REQUIREMENT:
Leaving out the pictures, please reproduce exactly and only the lines from the one that contains "Pair of candle" through the last line below.

PROVIDED DATA:
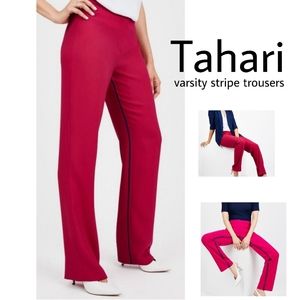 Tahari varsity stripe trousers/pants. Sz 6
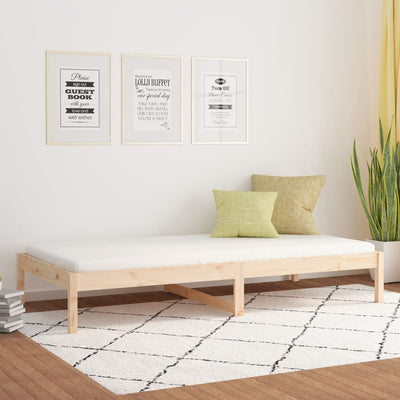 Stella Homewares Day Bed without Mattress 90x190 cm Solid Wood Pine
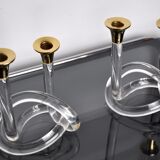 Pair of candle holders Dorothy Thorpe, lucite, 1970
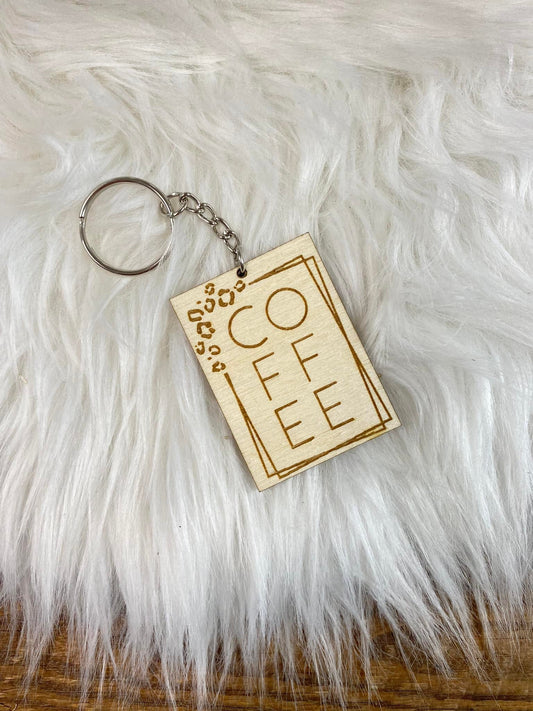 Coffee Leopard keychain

TASK OUTPUT:
 Pair of candle holders Dorothy Thorpe, lucite, 1970
 Coffee Leopard keychain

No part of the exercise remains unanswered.